Adanya kontradiksi dalam masyarakat sanggup menimbulkan terjadinya perubahan sosial dan kebudayaan. Pertentangan sanggup terjadi antara orang perorangan, orang perorangan dengan kelompok, atau kelompok dengan kelompok.

Pertentangan antarkelompok mungkin terjadi antara generasi bau tanah dengan generasi muda. Pertentangan-pertentangan demikian itu kerapkali terjadi, apalagi pada masyarakatmasyarakat yang sedang berkembang dari tahap tradisional ke tahap modern.

Generasi muda yang belum terbentuk kepribadiannya, lebih gampang untuk mendapatkan unsur-unsur kebudayaan ajaib (misalnya kebudayaan Barat) yang dalam beberapa hal memiliki taraf yang lebih tinggi.

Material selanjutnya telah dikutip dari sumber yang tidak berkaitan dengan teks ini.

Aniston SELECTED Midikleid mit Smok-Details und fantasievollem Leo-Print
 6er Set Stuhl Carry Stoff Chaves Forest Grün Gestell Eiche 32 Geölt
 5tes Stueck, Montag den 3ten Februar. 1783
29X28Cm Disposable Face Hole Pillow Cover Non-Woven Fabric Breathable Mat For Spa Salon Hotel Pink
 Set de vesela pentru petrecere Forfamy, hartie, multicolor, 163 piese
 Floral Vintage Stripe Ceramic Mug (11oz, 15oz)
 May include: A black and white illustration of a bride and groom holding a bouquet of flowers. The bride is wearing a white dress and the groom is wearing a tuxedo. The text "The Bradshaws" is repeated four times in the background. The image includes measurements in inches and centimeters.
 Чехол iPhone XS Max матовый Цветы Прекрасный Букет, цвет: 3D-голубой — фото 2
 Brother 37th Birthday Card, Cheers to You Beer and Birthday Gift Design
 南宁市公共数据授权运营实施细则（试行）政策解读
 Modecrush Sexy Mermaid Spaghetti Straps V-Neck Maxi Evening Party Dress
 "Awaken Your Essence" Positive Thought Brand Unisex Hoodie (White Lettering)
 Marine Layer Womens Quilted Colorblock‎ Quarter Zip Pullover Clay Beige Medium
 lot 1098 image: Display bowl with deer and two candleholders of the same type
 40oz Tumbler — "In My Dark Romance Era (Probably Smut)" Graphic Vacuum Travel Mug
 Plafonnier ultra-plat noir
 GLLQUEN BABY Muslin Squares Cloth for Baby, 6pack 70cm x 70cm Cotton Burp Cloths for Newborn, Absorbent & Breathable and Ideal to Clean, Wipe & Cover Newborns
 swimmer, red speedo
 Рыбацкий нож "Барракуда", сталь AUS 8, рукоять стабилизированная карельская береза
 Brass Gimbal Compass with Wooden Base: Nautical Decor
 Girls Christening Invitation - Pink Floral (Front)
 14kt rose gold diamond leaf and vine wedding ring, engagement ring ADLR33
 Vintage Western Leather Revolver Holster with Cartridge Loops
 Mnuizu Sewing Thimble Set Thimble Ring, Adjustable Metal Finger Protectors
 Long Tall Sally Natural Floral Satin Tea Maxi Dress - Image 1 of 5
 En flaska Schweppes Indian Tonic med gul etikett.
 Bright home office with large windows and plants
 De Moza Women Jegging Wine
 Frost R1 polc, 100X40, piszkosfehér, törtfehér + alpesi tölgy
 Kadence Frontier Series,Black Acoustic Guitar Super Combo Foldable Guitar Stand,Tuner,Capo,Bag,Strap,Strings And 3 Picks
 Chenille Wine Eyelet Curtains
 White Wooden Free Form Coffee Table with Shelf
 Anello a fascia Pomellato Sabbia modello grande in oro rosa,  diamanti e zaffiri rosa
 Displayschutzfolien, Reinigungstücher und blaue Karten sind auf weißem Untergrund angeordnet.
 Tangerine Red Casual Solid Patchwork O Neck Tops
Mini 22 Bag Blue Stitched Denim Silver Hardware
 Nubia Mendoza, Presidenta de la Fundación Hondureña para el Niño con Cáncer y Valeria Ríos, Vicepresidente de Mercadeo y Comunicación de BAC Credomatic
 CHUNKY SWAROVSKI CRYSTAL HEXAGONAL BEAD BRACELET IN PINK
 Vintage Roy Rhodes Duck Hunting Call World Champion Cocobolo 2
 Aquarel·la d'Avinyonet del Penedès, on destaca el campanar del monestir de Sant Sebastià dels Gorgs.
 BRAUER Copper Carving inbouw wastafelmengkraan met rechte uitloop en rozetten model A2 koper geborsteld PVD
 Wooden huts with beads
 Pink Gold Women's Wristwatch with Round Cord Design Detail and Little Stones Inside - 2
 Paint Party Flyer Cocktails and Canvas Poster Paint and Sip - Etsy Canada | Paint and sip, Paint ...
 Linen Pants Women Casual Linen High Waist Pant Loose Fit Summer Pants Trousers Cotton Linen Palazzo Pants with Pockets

Keadaan tersebut sanggup menimbulkan perubahan-perubahan tertentu dalam masyarakat contohnya pergaulan yang lebih bebas antara perempuan dengan laki-laki.

4) Terjadinya Pemberontakan atau Revolusi di Dalam Tubuh Masyarakat itu Sendiri

Perubahan sanggup terjadi lantaran adanya pemberontakan oleh kekuatan-kekuatan dalam masyarakat terhadap kondisi yang telah mapan.

Sebagai pola yaitu adanya Revolusi Prancis yang merupakan pemberontakan masyarakat kelas bawah yang tertindas terhadap kekuasaan kerajaan yang bertindak sewenang-wenang.

Contoh lain yaitu revolusi yang terjadi pada bulan Oktober 1917 di Rusia yang menimbulkan terjadinya perubahan-perubahan besar.

Negara tersebut yang mula-mula memiliki bentuk kerajaan yang absolut, bermetamorfosis diktator proletariat yang didasarkan pada kepercayaan Marxisme.

Segenap lembaga-lembaga kemasyarakatan, mulai dari bentuk negara hingga keluarga batih mengalami perubahan-perubahan yang besar hingga ke akar-akarnya.